The Great Basin Incident Management Team reported clear air in Cooper Landing Thursday afternoon, which gave residents a break from the heavy smoke conditions and allowed aviation resources to be used in suppression efforts for the Swan Lake Fire.
The Sterling Highway didn’t experience any closures on Thursday, which is a change of pace from recent days. Most of the closures have been a result of heavy smoke conditions that impair visibility, especially when the smoke mixes with early morning fog. Highway conditions are still subject to change, and the latest information can be found at kpboem.com or 511.alaska.gov.
Helicopters spent Thursday dropping water on an area south of the Kenai River and west of Cooper Landing, according to the latest update from the incident management team. Public Information Officer Michael Davis said on Thursday that this area has been difficult to reach for crews on the ground due to recent flooding.
“All of the commercial fisherman are pulling their tours out of there, and they’re the experts around here so we’ve been following their lead,” Davis said.
Crews successfully crossed the river Thursday and begin establishing control lines in that area that will prevent the fire’s spread to the east on the south side of the river.
The control line on the western perimeter of the fire has been completed from the Sterling Highway south to Skilak Lake, and Davis said that crews are now bringing in miles of fire hose to “plumb” that line. Plumbing the line creates a junction every 50 to 100 feet that will allow firefighters to spray water anywhere up and down the line and defend it from fire growth.

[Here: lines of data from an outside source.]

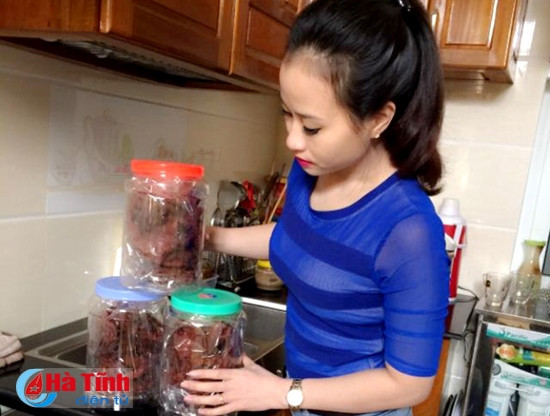 Sản phẩm bò khô của chị Linh sau khi hoàn thành được đóng gói để giao cho khách. Sản phẩm bò khô của chị Linh sau khi hoàn thành được đóng gói để giao cho khách.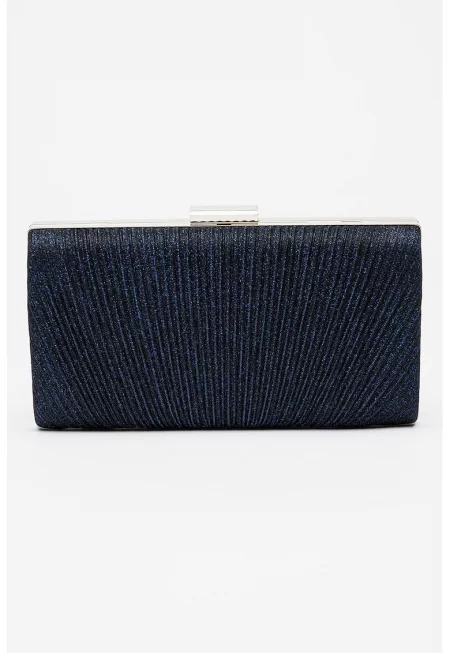 Фино плетена малка чантичка с метализирани елементи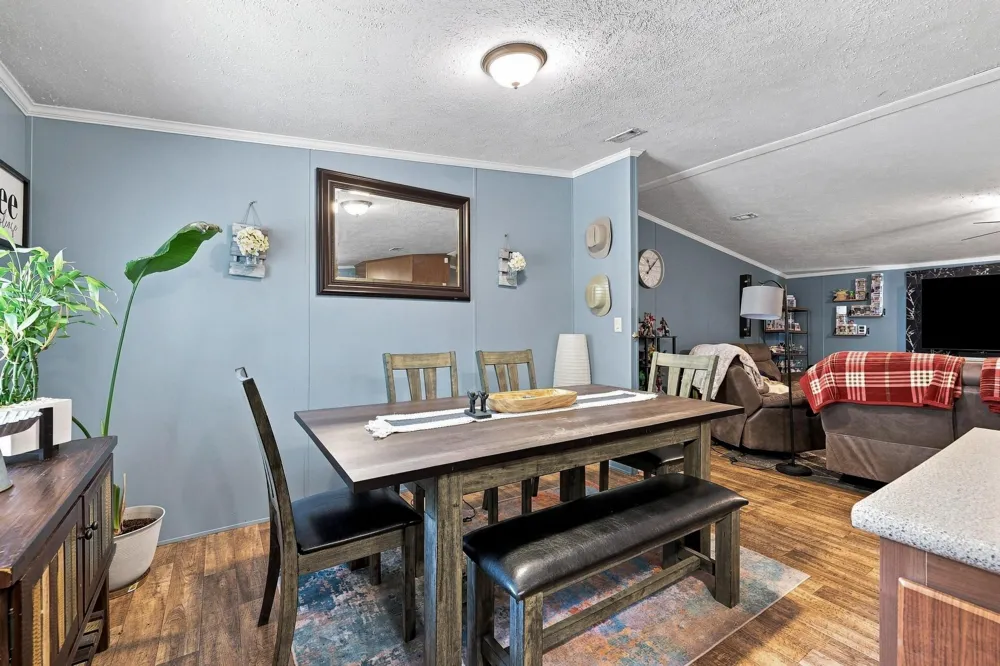 60 County Road 196 Gainesville, TX 76240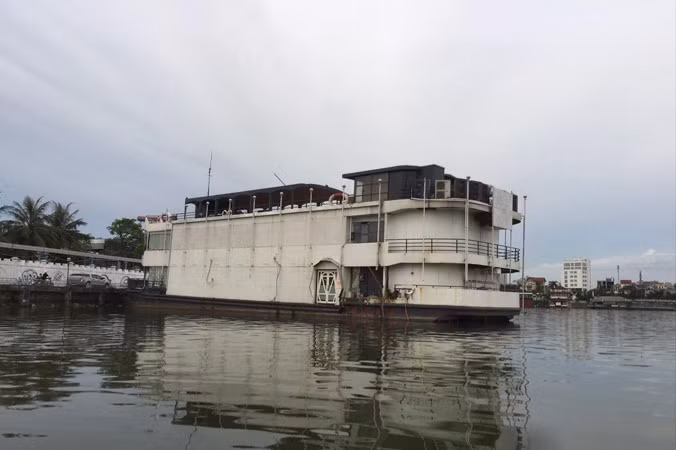 Nhà hàng nổi xuống cấp, hoen gỉ trên mặt hồ Tây.
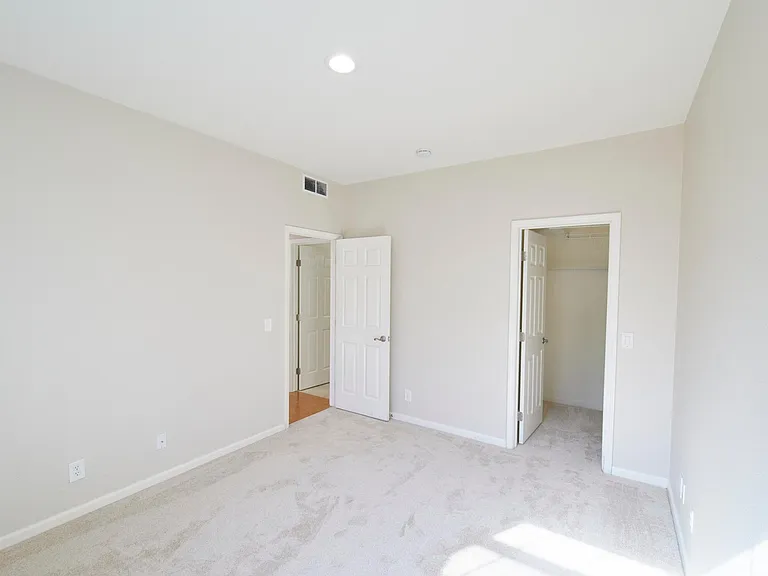 7031 Dublin Meadows St — Photo 27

Davis said that that wind has started to push to the west and will test this completed line. Meanwhile, the control line that was established weeks ago on the north side of the highway has been holding, and the latest monitoring has not shown any growth in that area.
Davis said that the incident management is not lacking for resources, personnel or equipment due to the high priority of the Swan Lake Fire.
“Basically the only fire activity in the U.S. is here in Alaska, and this is the number one fire in the nation, so we’re able to pull any resources we need from the Lower 48,” Davis said. Davis said that the incident management team has been conscious of the taxpayer money used to manage the fire. So far Swan Lake Fire operations have cost about $25.4 million, according to data from the National Interagency Coordination Center Incident Management Situation Report.
Because no big wind events are forecasted for the area, Davis said that the management team is confident that crews on the ground will be able to establish control lines without significant growth. The latest infrared mapping puts the fire at 142,542 acres.
Davis is from Colorado and has been a public information officer for nearly a decade as well as an EMT and firefighter in his hometown of Hotchkiss. Davis said that what makes managing the Swan Lake Fire unique is the number of high priority targets that require protection, such as the communities of Sterling and Cooper Landing, the Enstar gas line, the Moose research center and public use cabins in the area.
“Every square inch is worth fighting for,” Davis said.